[Captioned web image data]
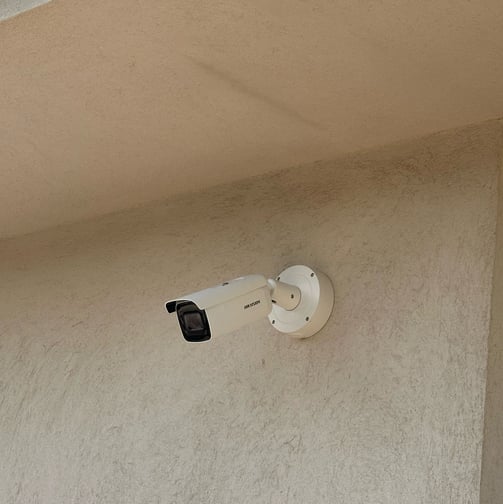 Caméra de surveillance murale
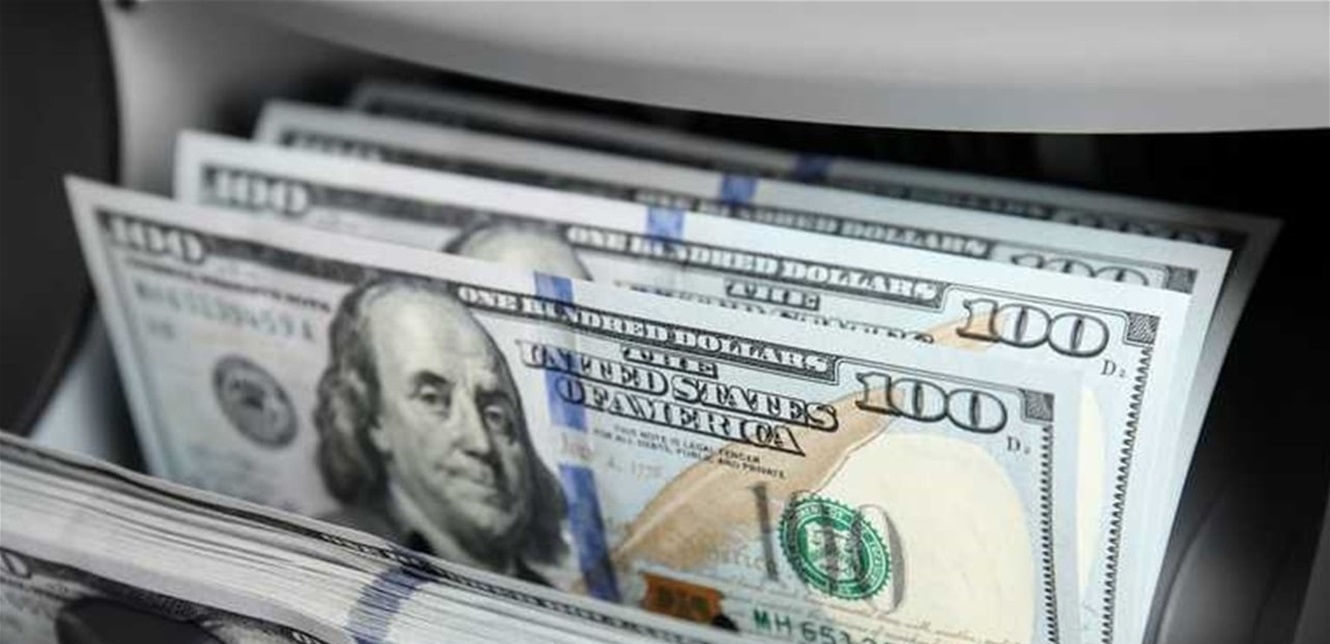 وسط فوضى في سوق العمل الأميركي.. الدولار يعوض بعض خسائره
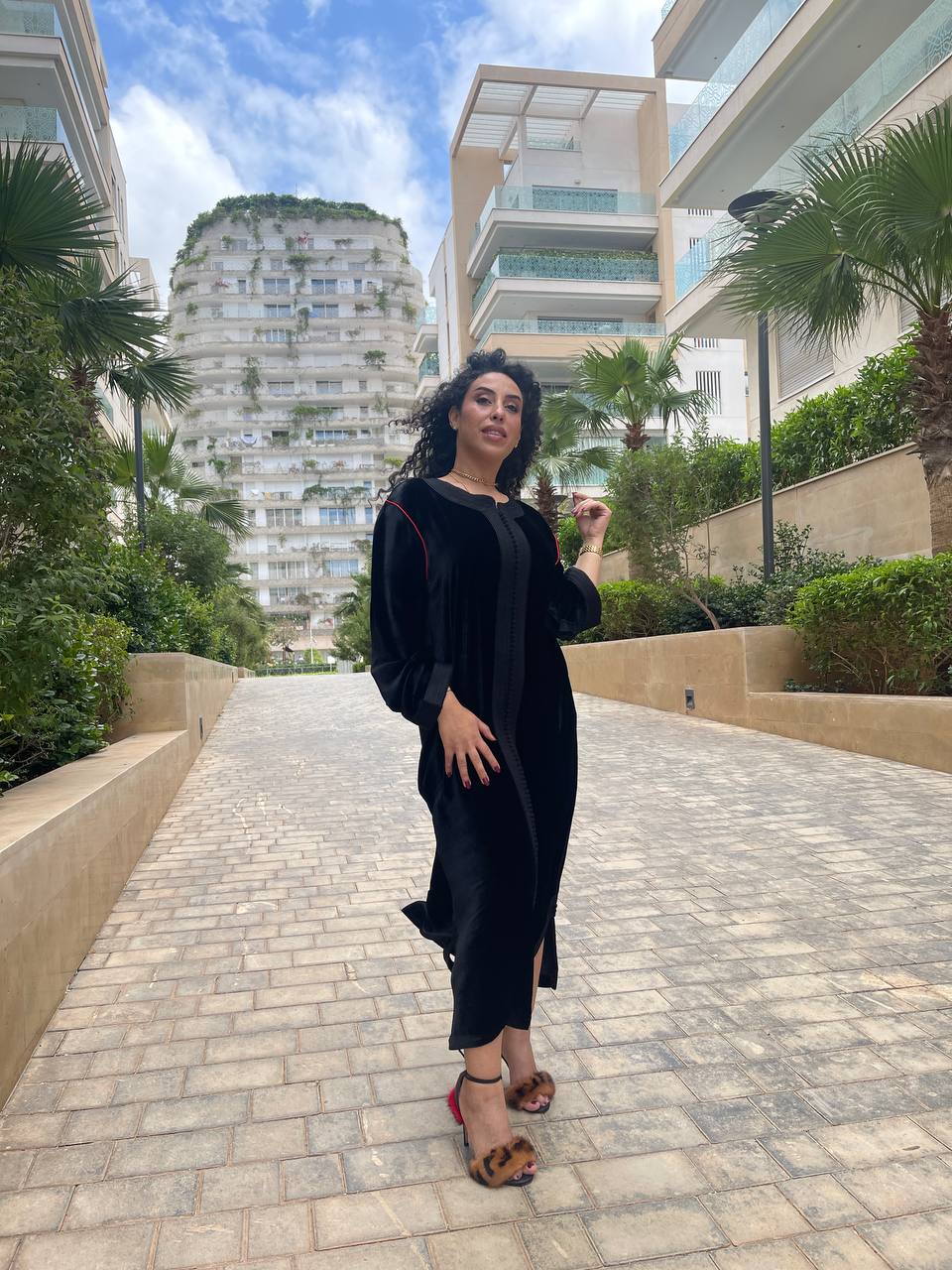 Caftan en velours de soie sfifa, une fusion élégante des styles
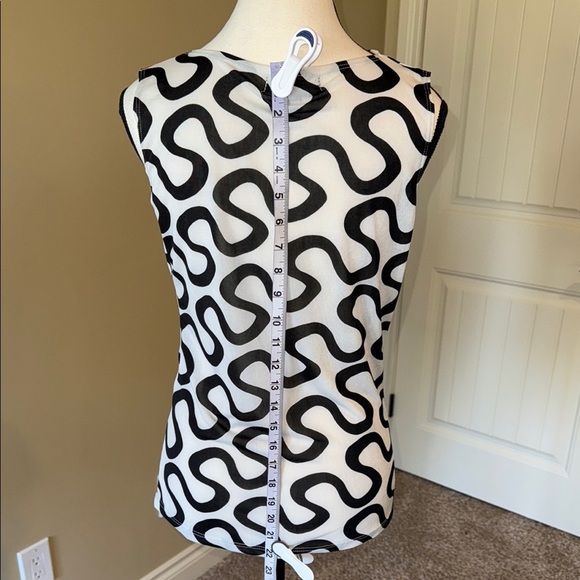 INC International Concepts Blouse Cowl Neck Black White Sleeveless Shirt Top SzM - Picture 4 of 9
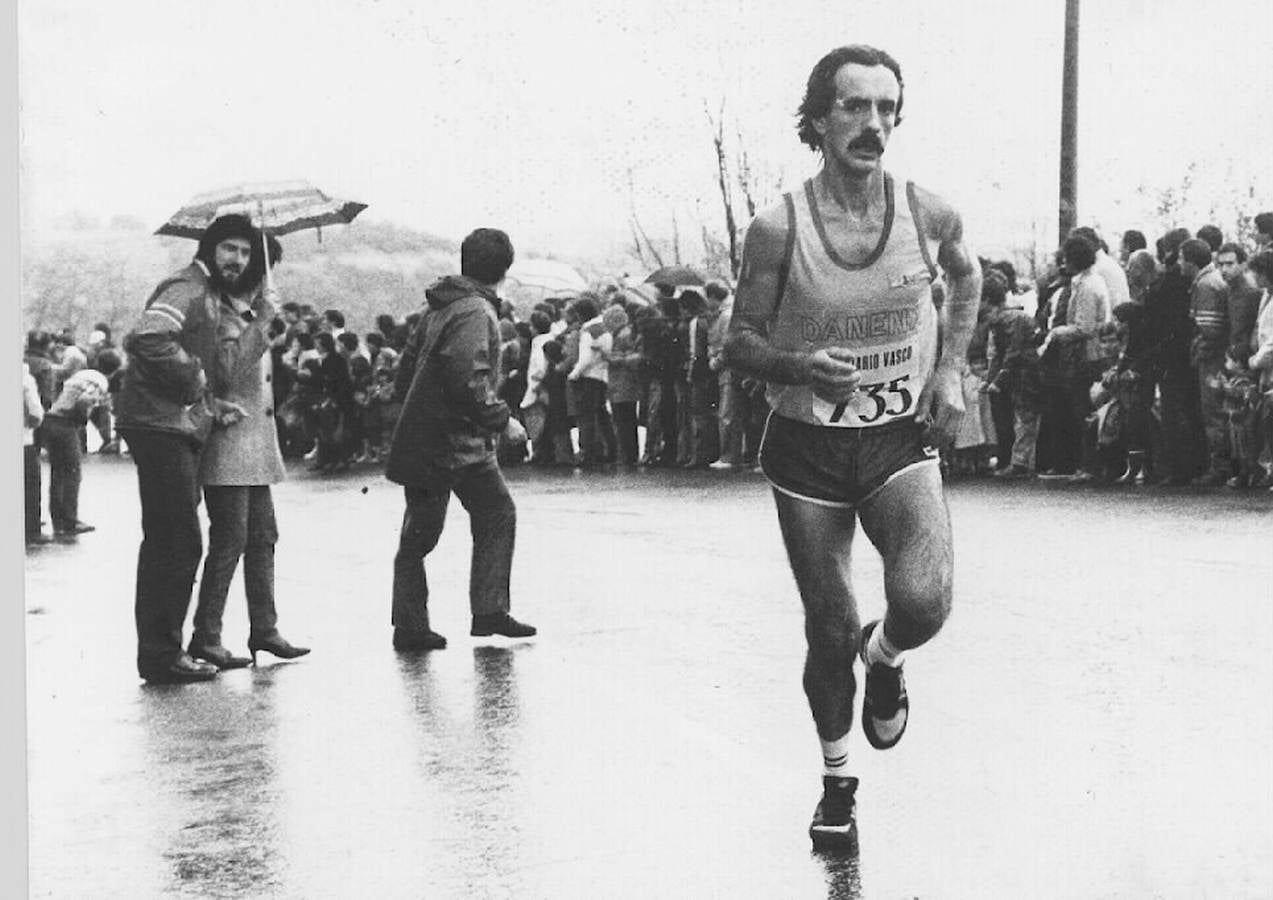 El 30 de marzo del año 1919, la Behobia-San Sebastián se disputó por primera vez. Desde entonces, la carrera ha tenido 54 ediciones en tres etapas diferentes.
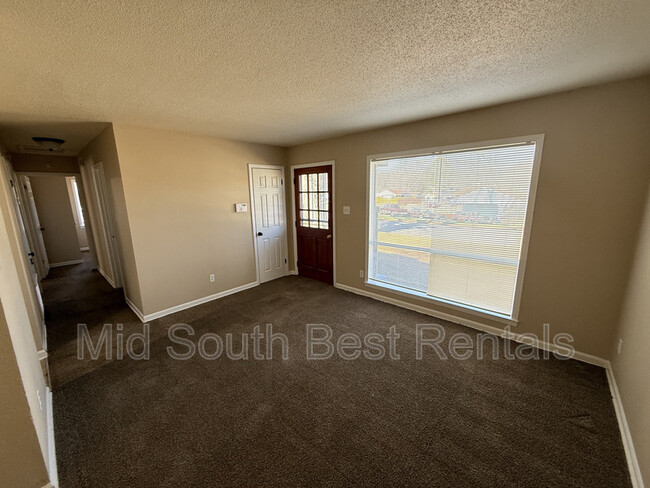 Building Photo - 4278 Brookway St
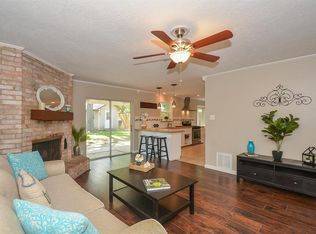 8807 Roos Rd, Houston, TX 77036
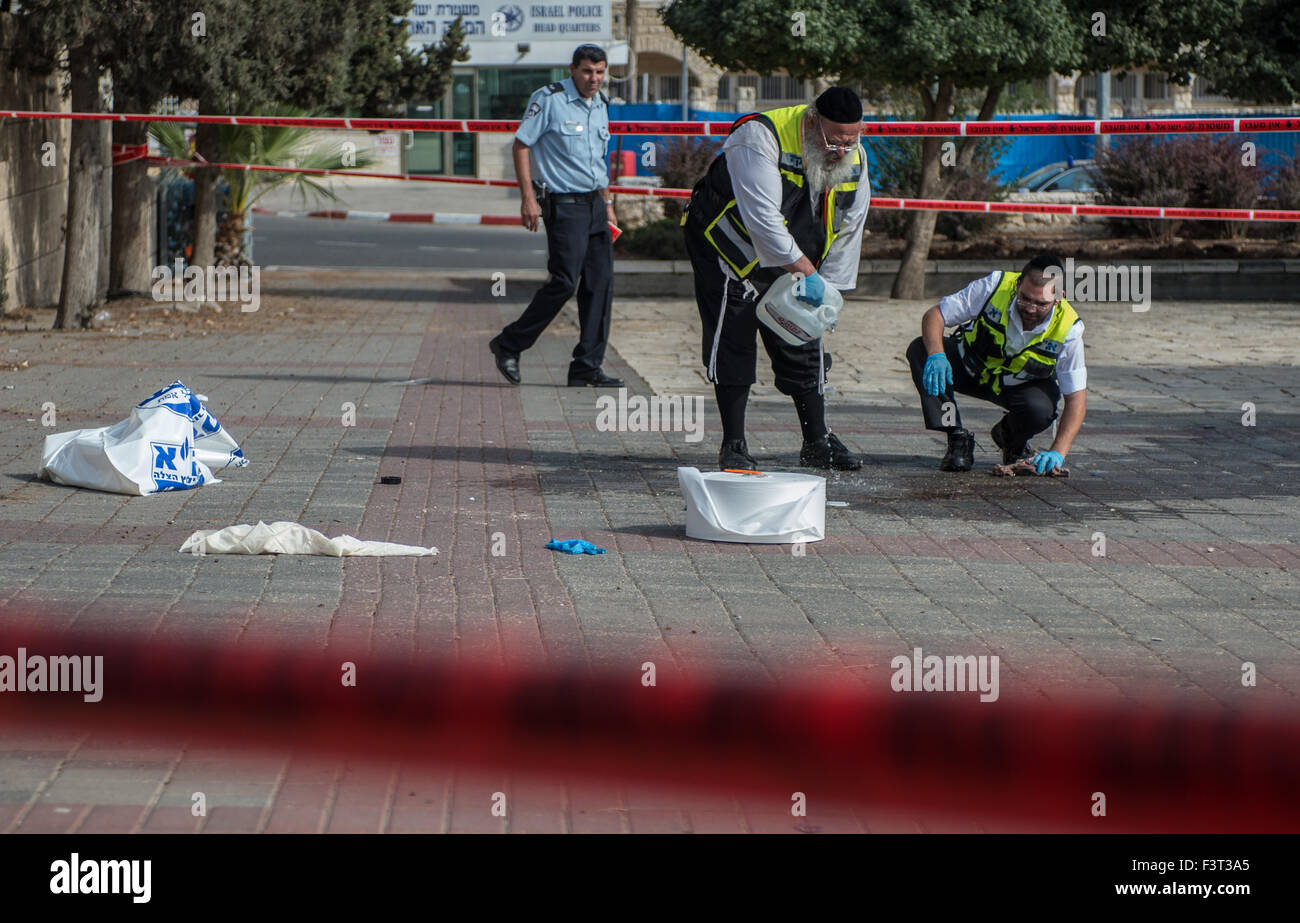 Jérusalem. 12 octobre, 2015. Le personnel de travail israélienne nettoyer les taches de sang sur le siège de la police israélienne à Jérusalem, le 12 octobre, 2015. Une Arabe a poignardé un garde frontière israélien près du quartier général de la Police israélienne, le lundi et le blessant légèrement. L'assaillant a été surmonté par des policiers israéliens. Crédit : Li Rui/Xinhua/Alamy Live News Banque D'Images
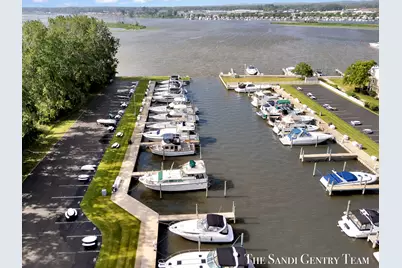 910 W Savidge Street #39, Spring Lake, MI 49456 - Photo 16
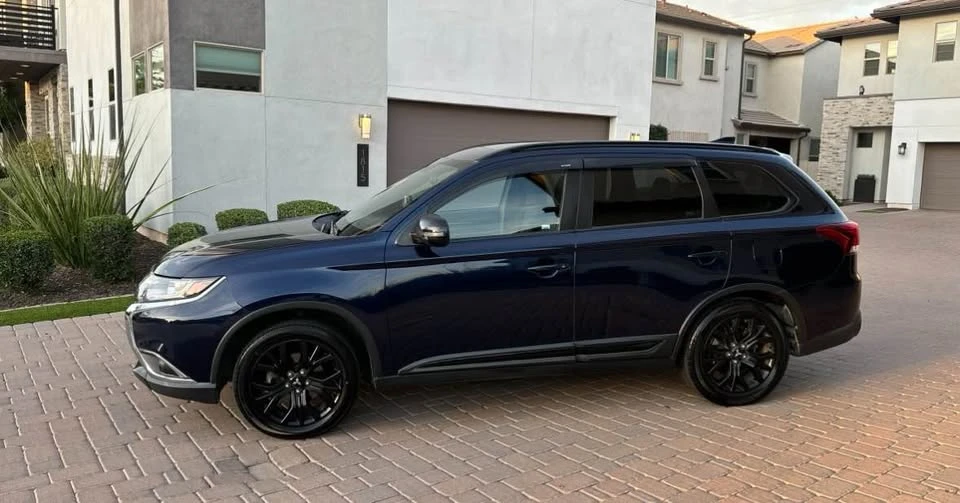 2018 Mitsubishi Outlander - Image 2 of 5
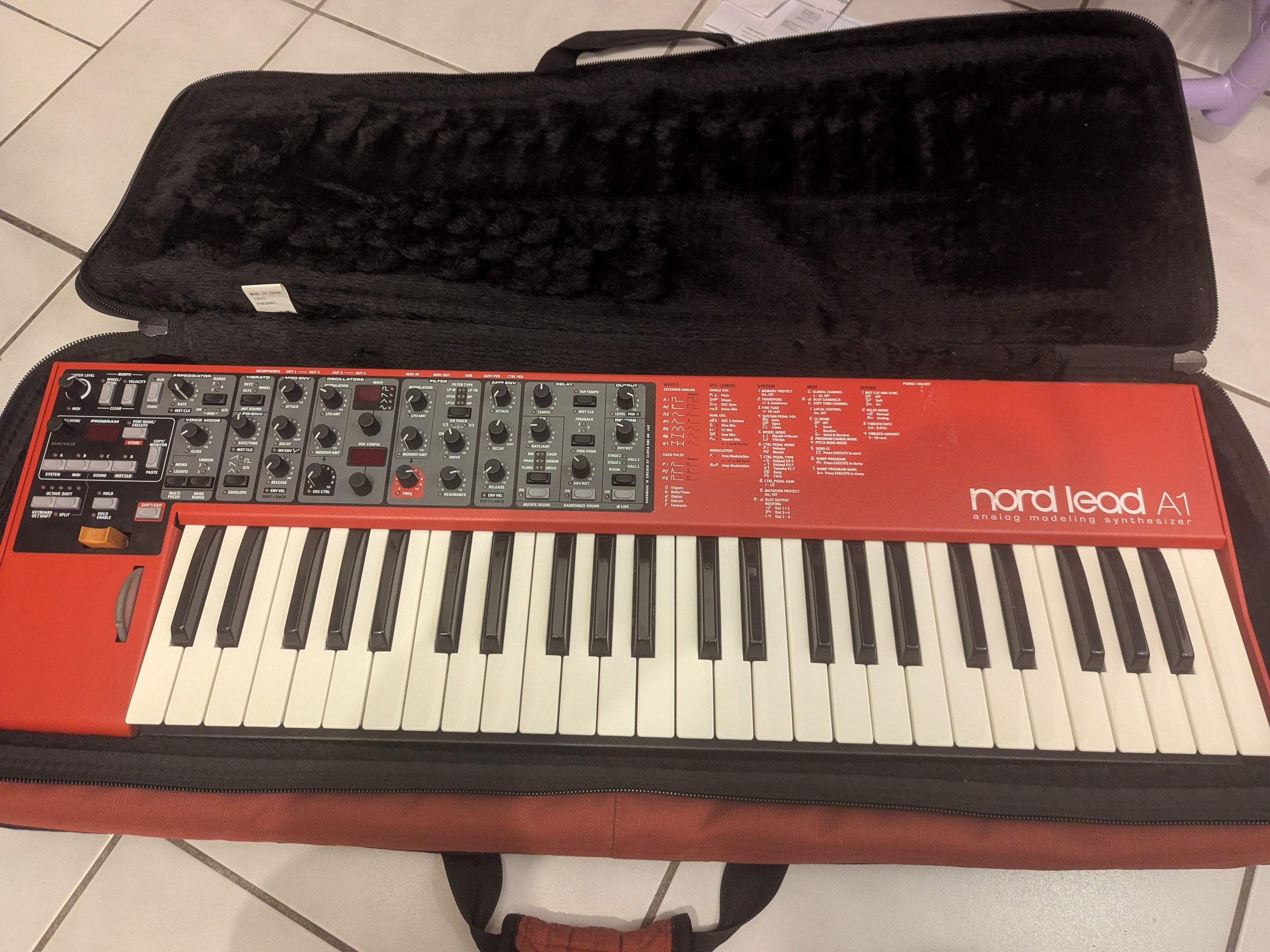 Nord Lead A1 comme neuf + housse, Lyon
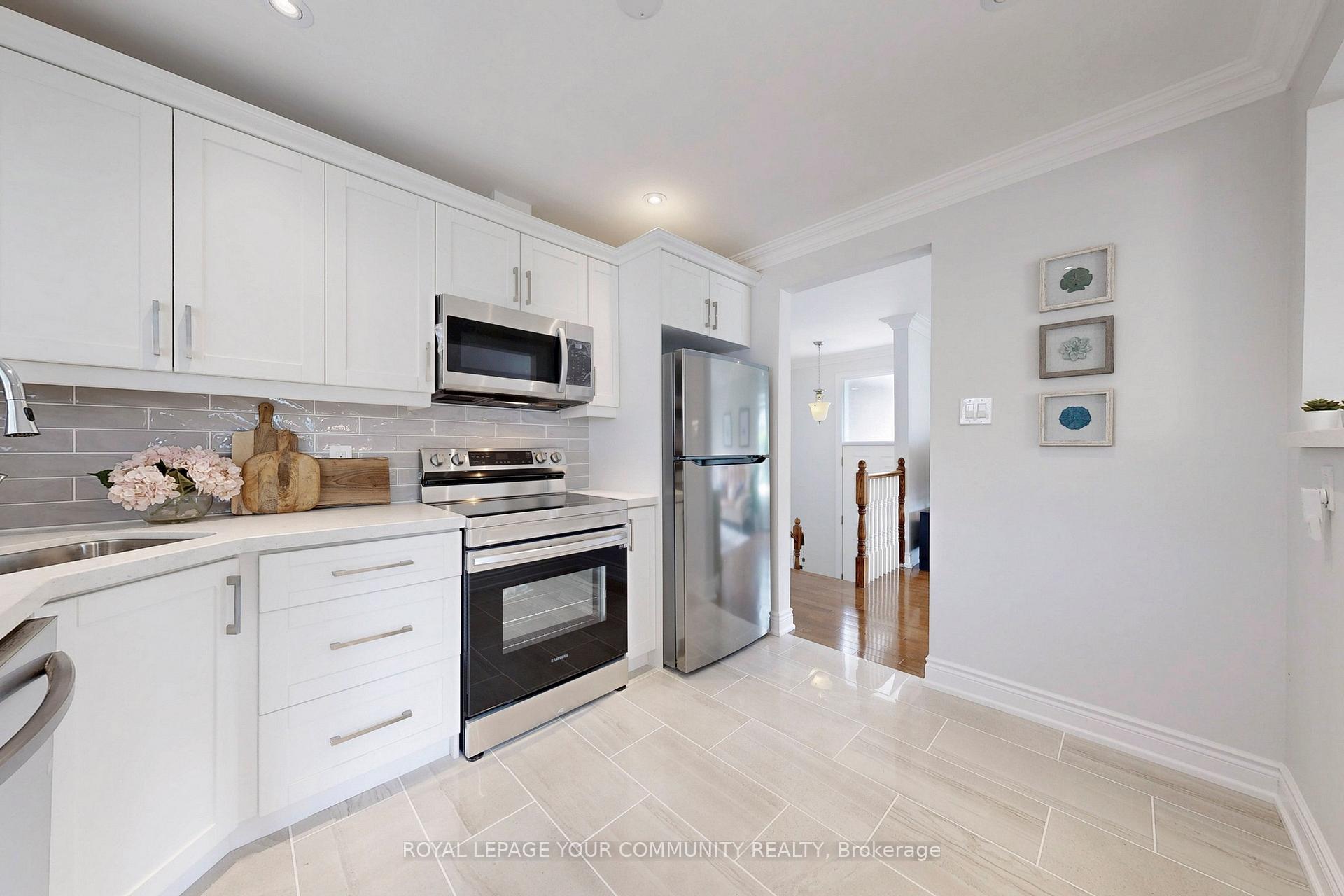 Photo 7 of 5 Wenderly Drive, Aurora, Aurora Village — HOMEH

§ **Exercise instructions**
Please set down, exactly and with nothing added, the lines from the line with "Nord Lead A1 comme neuf + housse, Lyon" to the end of the entries above, omitting pictures.

§ **Solution to this exercise**
 Nord Lead A1 comme neuf + housse, Lyon
 Photo 7 of 5 Wenderly Drive, Aurora, Aurora Village — HOMEH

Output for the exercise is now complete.